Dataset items
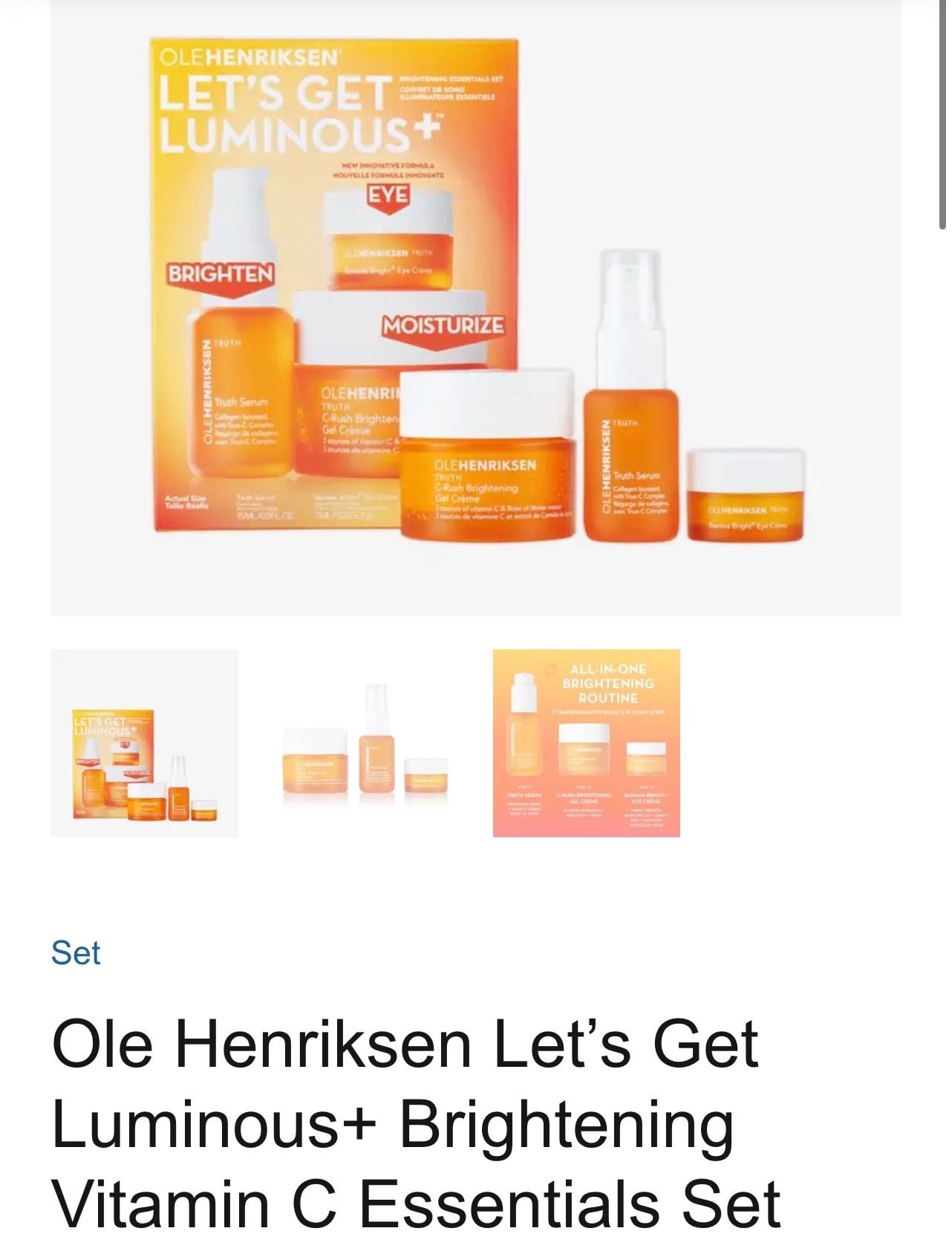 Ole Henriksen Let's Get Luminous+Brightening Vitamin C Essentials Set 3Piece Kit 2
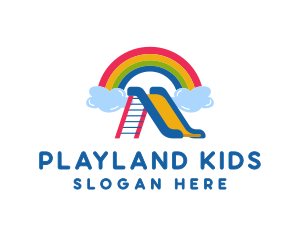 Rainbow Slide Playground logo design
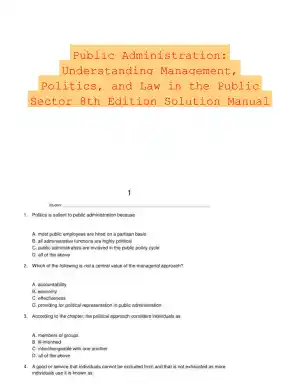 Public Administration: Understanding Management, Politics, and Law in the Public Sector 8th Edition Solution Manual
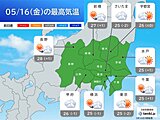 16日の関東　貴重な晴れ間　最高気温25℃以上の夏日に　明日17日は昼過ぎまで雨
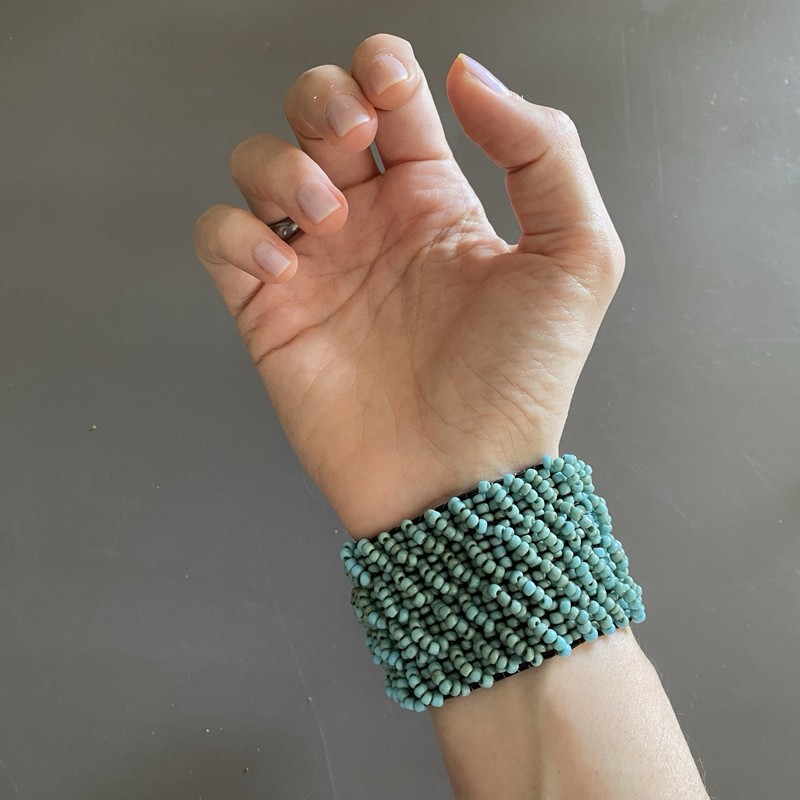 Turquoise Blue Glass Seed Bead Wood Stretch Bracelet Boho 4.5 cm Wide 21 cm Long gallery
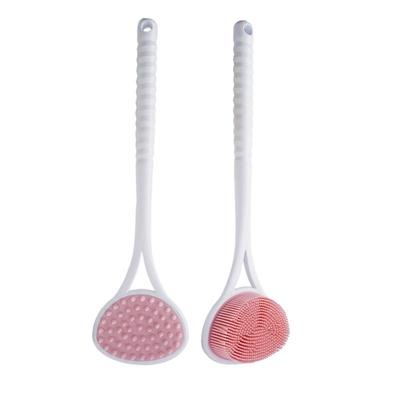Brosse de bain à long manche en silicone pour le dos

#### [WHAT YOU HAVE TO DO]
The records above should be written out exactly, and the images dropped.

#### [WRITTEN REPLY]
 Ole Henriksen Let's Get Luminous+Brightening Vitamin C Essentials Set 3Piece Kit 2
 Rainbow Slide Playground logo design
 Public Administration: Understanding Management, Politics, and Law in the Public Sector 8th Edition Solution Manual
 16日の関東　貴重な晴れ間　最高気温25℃以上の夏日に　明日17日は昼過ぎまで雨
 Turquoise Blue Glass Seed Bead Wood Stretch Bracelet Boho 4.5 cm Wide 21 cm Long gallery
Brosse de bain à long manche en silicone pour le dos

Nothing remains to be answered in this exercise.